▶ _WHAT TO WORK ON_: Restate each of the lines below word for word and drop every picture.

▶ _RECORDS PROVIDED_:
···
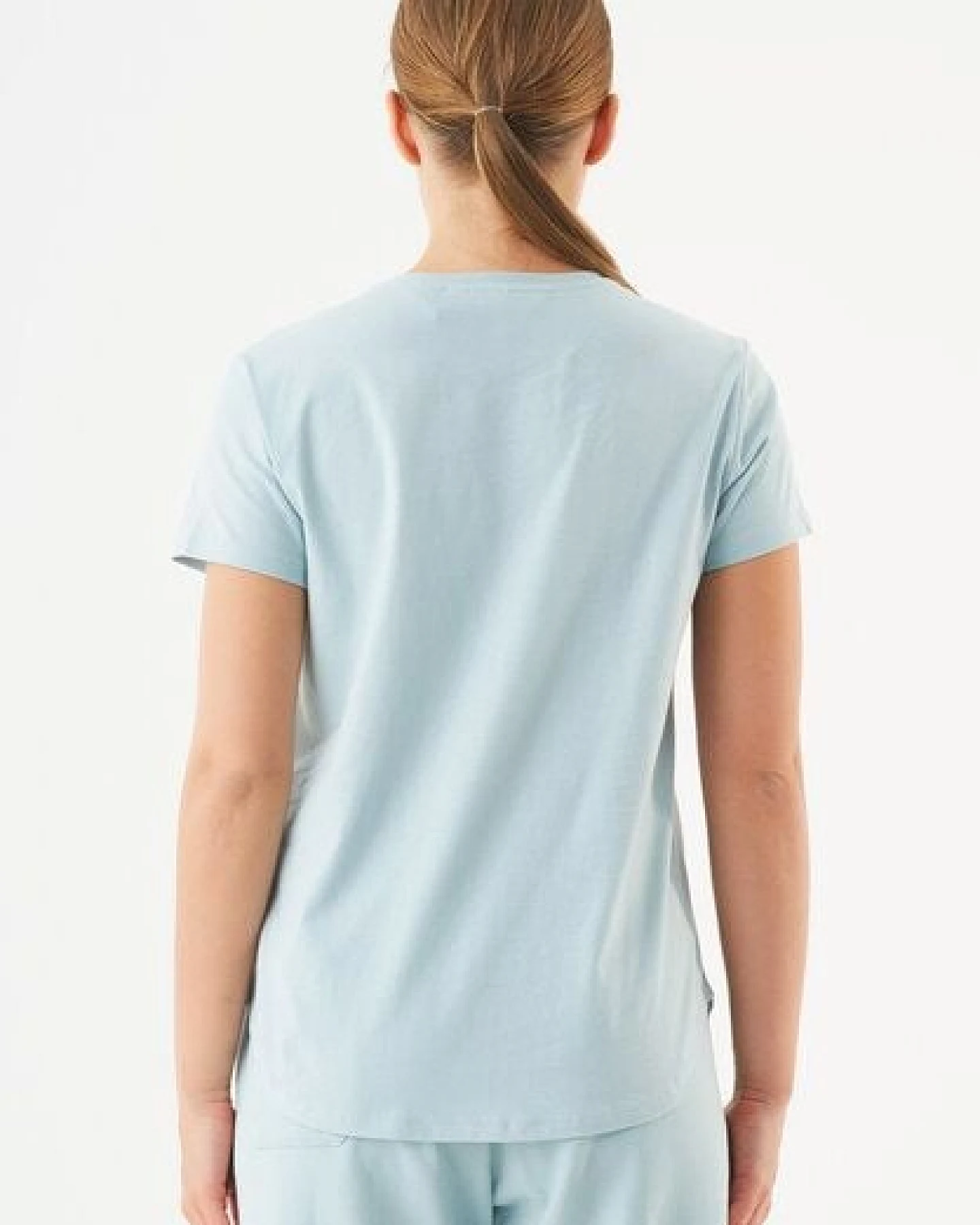 ORGANICATION ESSENTIALS-TUBA- Basic T-Shirt aus Bio-Baumwolle mit V-Ausschnitt – Ansicht 4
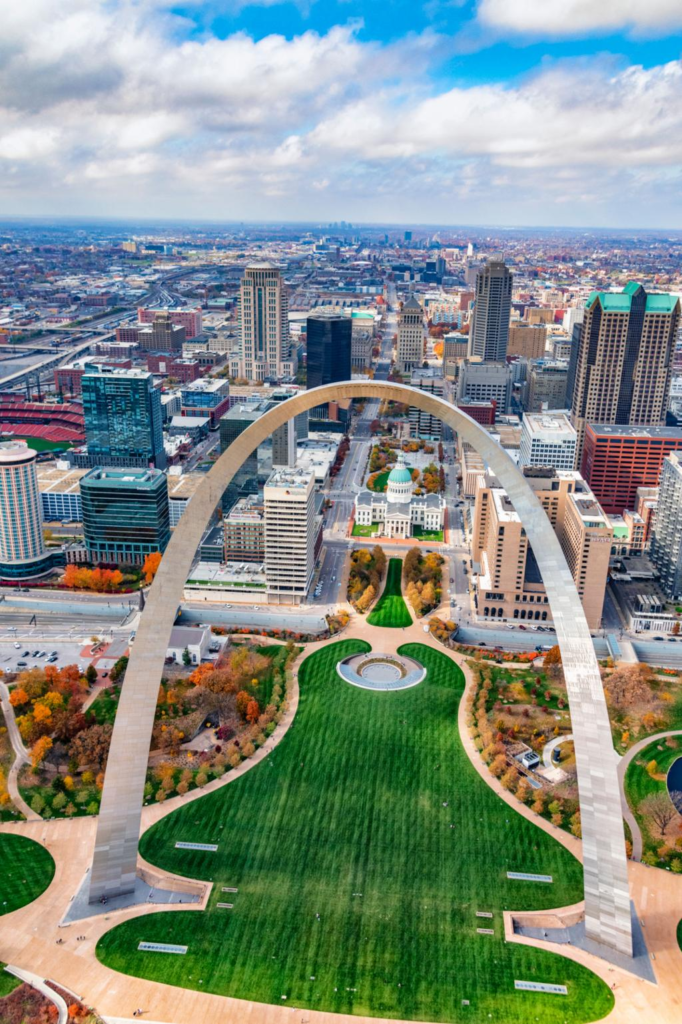 From Historic Monuments to Modern Marvels: The Landmarks Defining America’s Travel Landscape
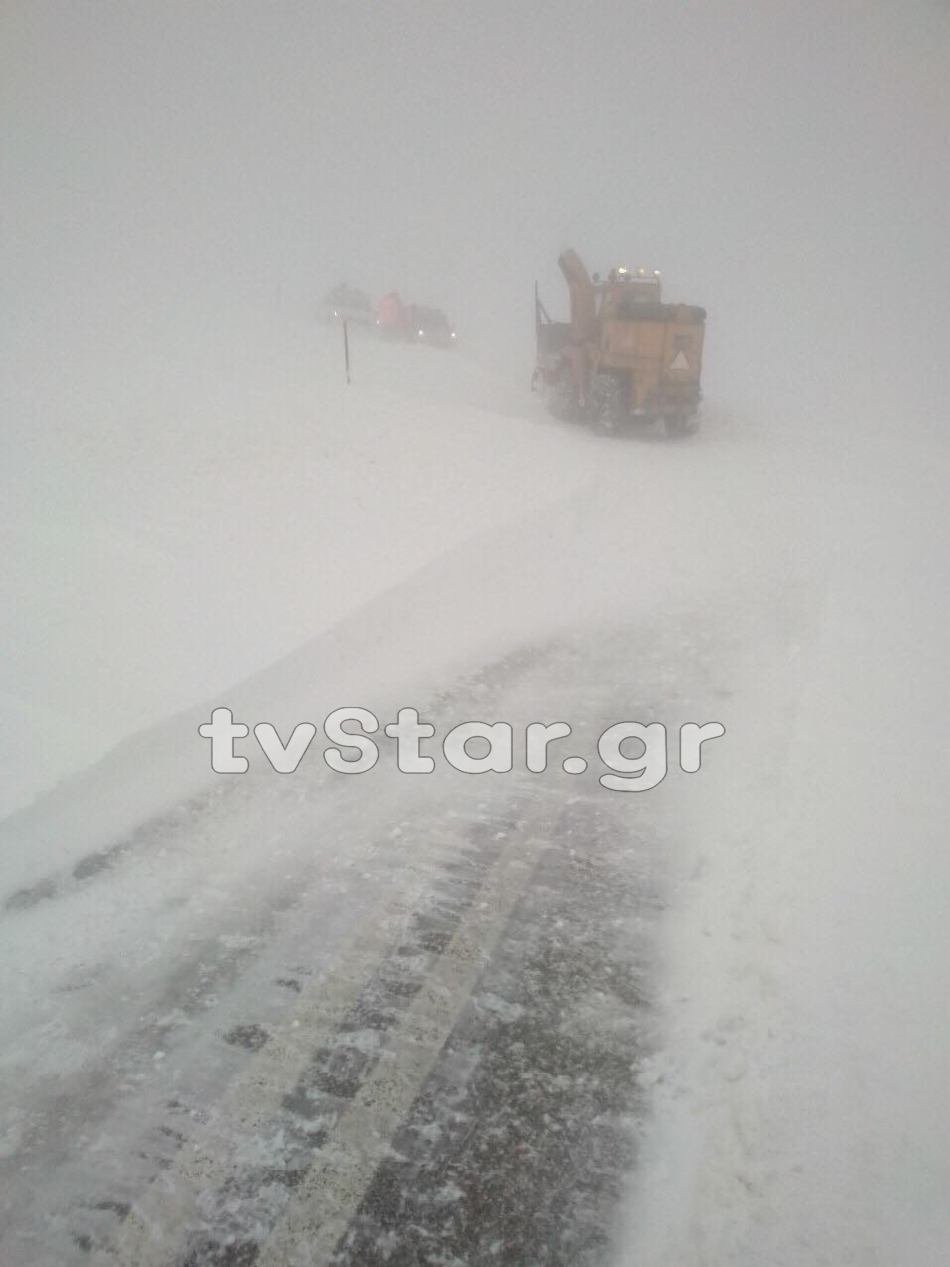 Βελούχι: Επιχείρηση απεγκλωβισμού 8 ατόμων που έπεσαν σε χιονοθύελλα [εικόνες] | iefimerida.gr 5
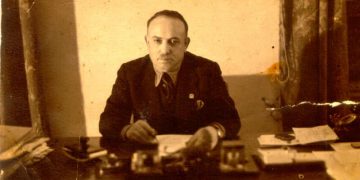 Historia e vërtetë e Qazim Mulletit, politologut, personazhit të rrallë që historia jonë është treguar e padrejtë me të, që fliste dhe shkruante mbi 8 gjuhë të huaja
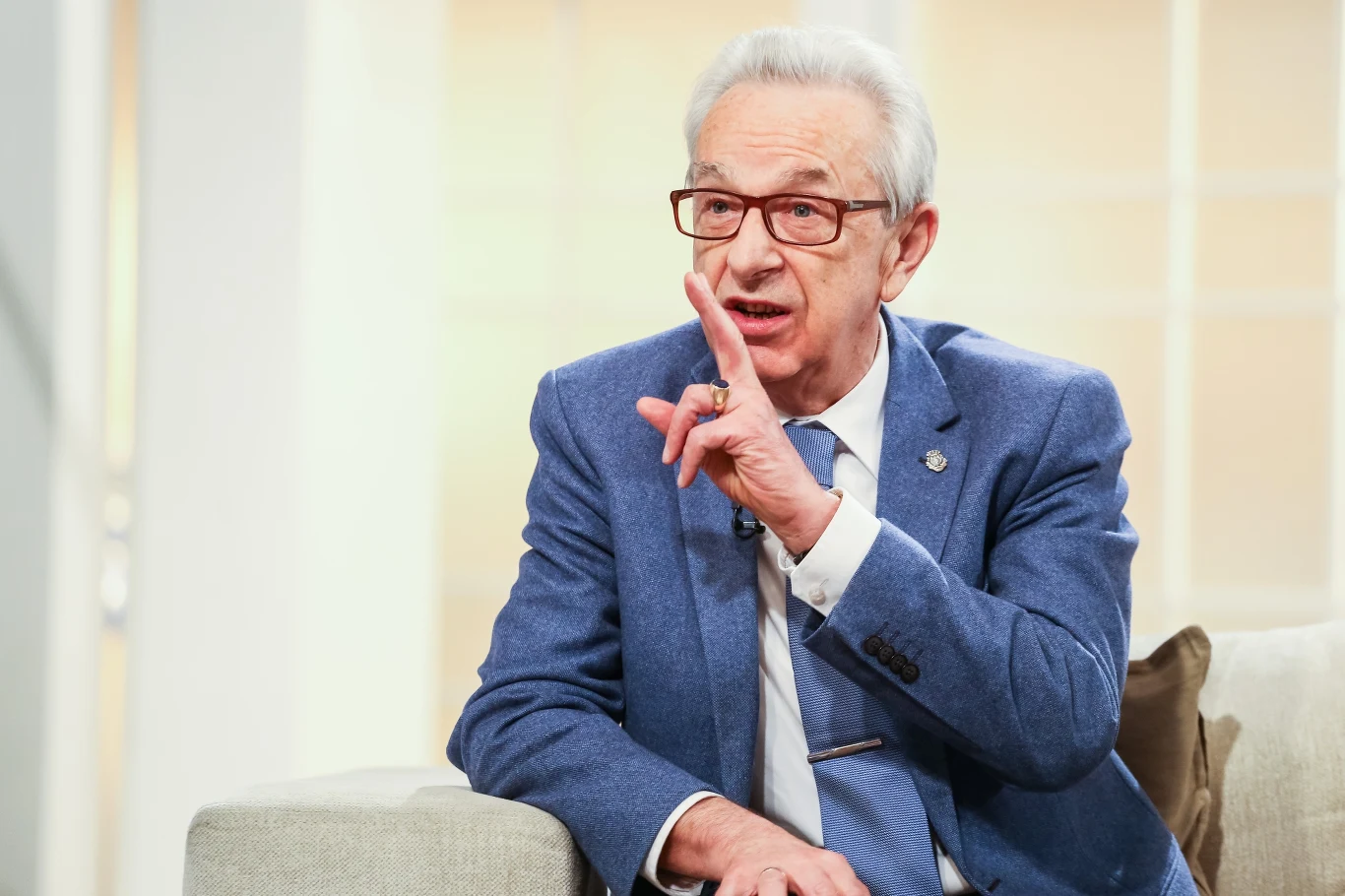 Prof. Zbigniew Lew-Starowicz uważa, że warto zadbać o tę sferę życia - nawet w chorobie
···
▶ _FINISHED EXERCISE_:
 ORGANICATION ESSENTIALS-TUBA- Basic T-Shirt aus Bio-Baumwolle mit V-Ausschnitt – Ansicht 4
 From Historic Monuments to Modern Marvels: The Landmarks Defining America’s Travel Landscape
 Βελούχι: Επιχείρηση απεγκλωβισμού 8 ατόμων που έπεσαν σε χιονοθύελλα [εικόνες] | iefimerida.gr 5
 Historia e vërtetë e Qazim Mulletit, politologut, personazhit të rrallë që historia jonë është treguar e padrejtë me të, që fliste dhe shkruante mbi 8 gjuhë të huaja
 Prof. Zbigniew Lew-Starowicz uważa, że warto zadbać o tę sferę życia - nawet w chorobie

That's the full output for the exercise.